In computer systems, characters are transformed and stored as numbers (sequences of bits) that can be handled by the processor. A code page is an encoding scheme that maps a specific sequence of bits to its character representation. Before Unicode, there were hundreds of different encoding schemes that assigned a number to each letter or character. Many such schemes included code pages that contained only 256 characters – each character requiring 8 bits of storage. While this was relatively compact, it was insufficient to hold ideographic character sets containing thousands of characters such as Chinese and Japanese, and also did not allow the character sets of many languages to co-exist with each other.
Unicode is an attempt to include all the different schemes into one universal text-encoding standard.
Unicode represents each individual character as a unique code point with a unique number. For example, the character A – Latin Capital Letter A – is represented as U+0041 and the Hiragana ふ is U+3075.
An individual Unicode code point is expressed as U+n, where n is four to six hexadecimal digits, using the digits 0–9 and uppercase letters A–F (for 10 through 15, respectively). Leading zeros are omitted, unless the code point would have fewer than four hexadecimal digits. For example, U+0001, U+0012, U+0123, U+1234, U+12345, U+102345.

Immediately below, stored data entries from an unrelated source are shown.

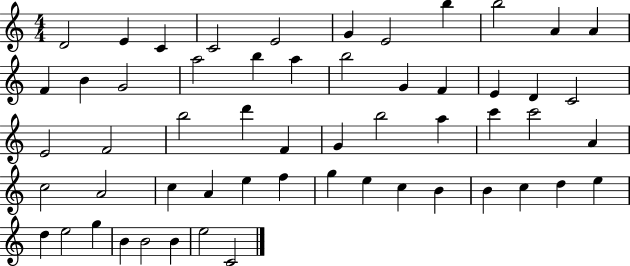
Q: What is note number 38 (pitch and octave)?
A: A4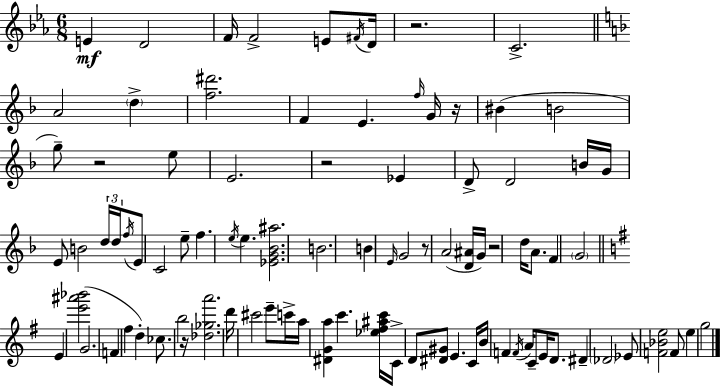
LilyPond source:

{
  \clef treble
  \numericTimeSignature
  \time 6/8
  \key ees \major
  e'4\mf d'2 | f'16 f'2-> e'8 \acciaccatura { fis'16 } | d'16 r2. | c'2.-> | \break \bar "||" \break \key d \minor a'2 \parenthesize d''4-> | <f'' dis'''>2. | f'4 e'4. \grace { f''16 } g'16 | r16 bis'4( b'2 | \break g''8--) r2 e''8 | e'2. | r2 ees'4 | d'8-> d'2 b'16 | \break g'16 e'8 b'2 \tuplet 3/2 { d''16 | d''16 \acciaccatura { f''16 } } e'8 c'2 | e''8-- f''4. \acciaccatura { e''16 } e''4. | <ees' g' bes' ais''>2. | \break b'2. | b'4 \grace { e'16 } g'2 | r8 a'2( | <d' ais'>16 g'16) r2 | \break d''16 a'8. f'4 \parenthesize g'2 | \bar "||" \break \key g \major e'4 <e''' ais''' bes'''>2( | g'2. | f'4 fis''4 d''4-.) | ces''8. b''2 r16 | \break <des'' ges'' a'''>2. | d'''16 cis'''2 e'''8-- c'''16-> | a''16 <dis' g' a''>4 c'''4. <ees'' fis'' ais'' c'''>16 | c'16-> d'8 <dis' gis'>8 e'4. c'16 | \break b'16 f'4 \acciaccatura { f'16 } a'16 c'8-- e'16 d'8. | dis'4-- \parenthesize des'2 | ees'8 <f' bes' e''>2 f'8 | e''4 g''2 | \break \bar "|."
}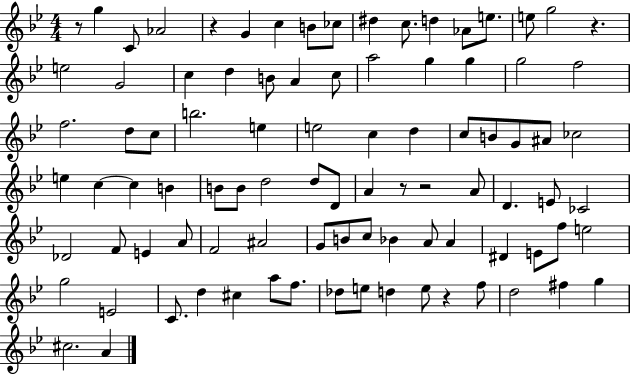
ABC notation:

X:1
T:Untitled
M:4/4
L:1/4
K:Bb
z/2 g C/2 _A2 z G c B/2 _c/2 ^d c/2 d _A/2 e/2 e/2 g2 z e2 G2 c d B/2 A c/2 a2 g g g2 f2 f2 d/2 c/2 b2 e e2 c d c/2 B/2 G/2 ^A/2 _c2 e c c B B/2 B/2 d2 d/2 D/2 A z/2 z2 A/2 D E/2 _C2 _D2 F/2 E A/2 F2 ^A2 G/2 B/2 c/2 _B A/2 A ^D E/2 f/2 e2 g2 E2 C/2 d ^c a/2 f/2 _d/2 e/2 d e/2 z f/2 d2 ^f g ^c2 A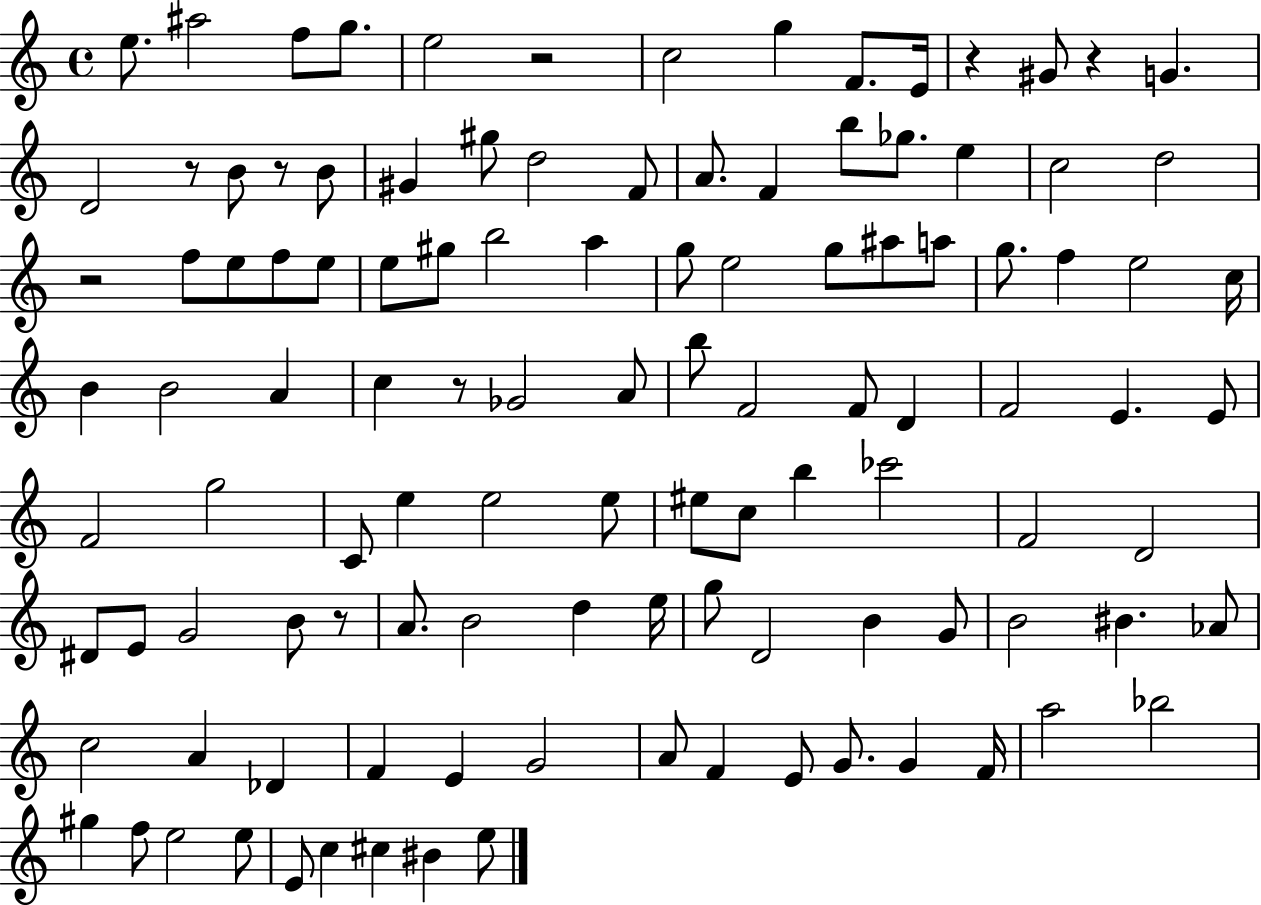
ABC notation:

X:1
T:Untitled
M:4/4
L:1/4
K:C
e/2 ^a2 f/2 g/2 e2 z2 c2 g F/2 E/4 z ^G/2 z G D2 z/2 B/2 z/2 B/2 ^G ^g/2 d2 F/2 A/2 F b/2 _g/2 e c2 d2 z2 f/2 e/2 f/2 e/2 e/2 ^g/2 b2 a g/2 e2 g/2 ^a/2 a/2 g/2 f e2 c/4 B B2 A c z/2 _G2 A/2 b/2 F2 F/2 D F2 E E/2 F2 g2 C/2 e e2 e/2 ^e/2 c/2 b _c'2 F2 D2 ^D/2 E/2 G2 B/2 z/2 A/2 B2 d e/4 g/2 D2 B G/2 B2 ^B _A/2 c2 A _D F E G2 A/2 F E/2 G/2 G F/4 a2 _b2 ^g f/2 e2 e/2 E/2 c ^c ^B e/2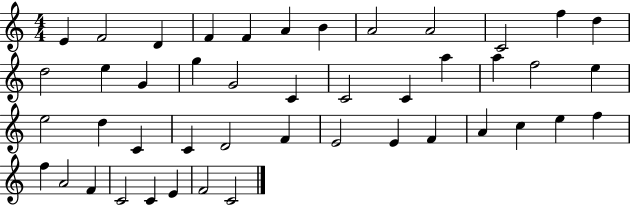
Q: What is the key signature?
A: C major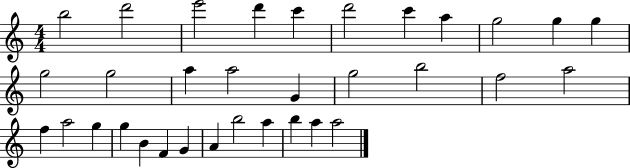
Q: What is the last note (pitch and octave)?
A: A5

The Unicode code space is divided into seventeen planes (the basic multilingual plane, and 16 supplementary planes), each with 65,536 code points. Thus the total size of the Unicode code space is 17 × 65,536 = 1,114,112.
The first plane is called the Basic Multilingual Plane or BMP. It contains the code points from U+0000 to U+FFFF, which are the most frequently used characters.
Unicode also defines multiple encodings of its single character set: UTF-8, UTF-16, and UTF-32.
UTF-32/UCS-4 Encoding and Decoding
UTF-132/UCS-4 is a character encoding that maps code points of Unicode character to a sequence of 32-bit code units. UTF-32 uses a 32-bit code unit to represent a unicode character.
Code unit is a value that encoded code point to 8/16/32 bits to store/transmit Unicode text efficiently on a computer.
The algorithm to convert a unicode code point to UTF-32/UCS-4 sequence is as follows: represent the unicode code point as a 32-bit unsigned integer. For example, U+0041 becomes the UTF-32 sequence 0x00000041.
The algorithm to convert UTF-32/UCS-4 sequence to a unicode code point is as follows: represent the 32-bit code unit a unicode code point. For example, the UTF-32 sequence 0x00000041 becomes U+00000041. Leading zeros in unicode code points are omitted, unless the code point would have fewer than four hexadecimal digits. Thus the UTF-32 sequence 0x00000041 becomes U+0041.
Byte Order Mark (BOM)
UTF-32 comes in two variations, big endian and little endian. In big-endian UTF-32 or UTF-32BE, the most significant byte of the character comes first. In little-endian UTF-32 or UTF-32LE, the order is reversed. Thus, in big-endian UTF-32, the code point of letter A is U+0041 and the encoded bytes are 0x00, 0x00, 0x00, and 0x41. In little-endian UTF-32, the encoded bytes are swapped, and A is 0x41, 0x00, 0x00, and 0x00. In big-endian UTF-32, the code point of letter B is U+0042 and the encoded bytes are 0x00, 0x00, 0x00, and 0x42; in little-endian UTF-32, it's 0x42, 0x00, 0x00, and 0x00. In big-endian UTF-32, the code point of letter Σ is U+03A3 and the encoded bytes are 0x00, 0x00, 0x03, and 0xA3; in little-endian UTF-32, it's 0xA3, 0x03, 0x00, and 0x00. In big-endian UTF-32, the code point of emoticon 😀 is U+1F600 and the encoded bytes are 0x00, 0x01, 0xF6 and 0x00; in little-endian UTF-16, it's 0x00, 0xF6, 0x01, and 0x00. In big-endian UTF-16, the code point of character 𠂤 is U+200A4 and the encoded bytes are 0x00, 0x02, 0x00 and 0xA4; in little-endian UTF-16, it's 0xA4, 0x00, 0x02 and 0x00.
To distinguish between big-endian and little-endian UTF-32, a program can look at the first two bytes of a UTF-32 encoded document, a document encoded in big-endian UTF-32 begins with Unicode character U+FEFF, the zero-width nonbreaking space and the encoded bytes are 0x00, 0x00, 0xFE, and 0xFF. A document encoded in big-endian UTF-32 begins with the same Unicode character (U+FEFF) but the bytes is swapped 0xFF, 0xFE, 0x00 and 0x00.